▼

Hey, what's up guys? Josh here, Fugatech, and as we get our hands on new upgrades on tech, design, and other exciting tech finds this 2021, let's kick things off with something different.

▲
▼

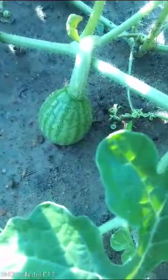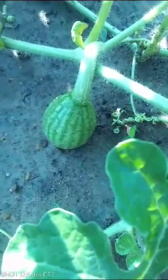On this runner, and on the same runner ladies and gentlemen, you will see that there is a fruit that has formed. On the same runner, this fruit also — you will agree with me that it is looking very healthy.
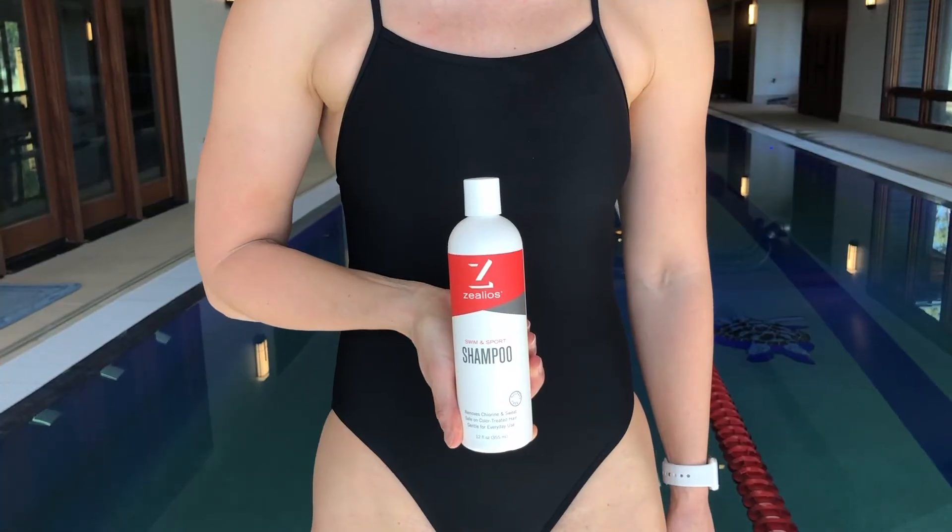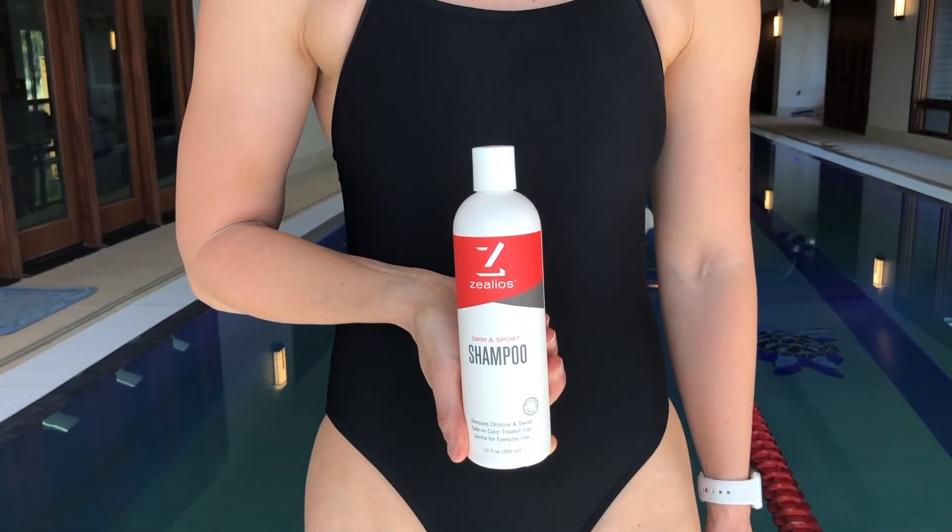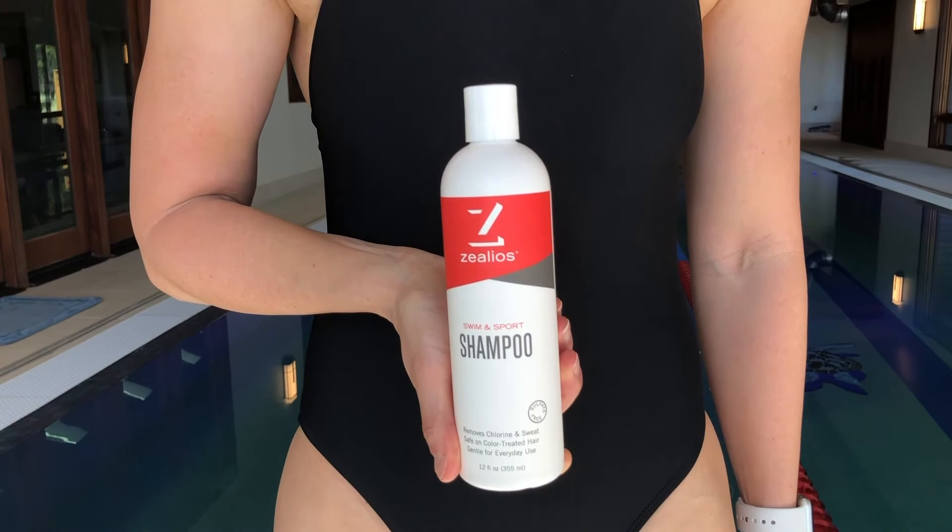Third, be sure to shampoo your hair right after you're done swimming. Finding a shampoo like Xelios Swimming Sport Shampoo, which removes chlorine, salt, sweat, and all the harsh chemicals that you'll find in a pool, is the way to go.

▲
▼

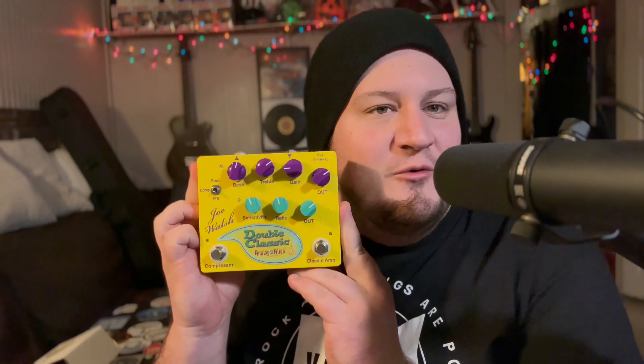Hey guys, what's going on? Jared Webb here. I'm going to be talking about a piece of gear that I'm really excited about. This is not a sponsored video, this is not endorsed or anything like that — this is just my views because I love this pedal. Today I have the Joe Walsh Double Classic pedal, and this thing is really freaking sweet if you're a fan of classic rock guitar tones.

▲

• [Work to be completed] The result should be an exact copy of only the lines above from the one that holds "On this runner, and" through the one that holds "Third, be sure", both ends included, without pictures.

• [Finished exercise]
On this runner, and on the same runner ladies and gentlemen, you will see that there is a fruit that has formed. On the same runner, this fruit also — you will agree with me that it is looking very healthy.
Third, be sure to shampoo your hair right after you're done swimming. Finding a shampoo like Xelios Swimming Sport Shampoo, which removes chlorine, salt, sweat, and all the harsh chemicals that you'll find in a pool, is the way to go.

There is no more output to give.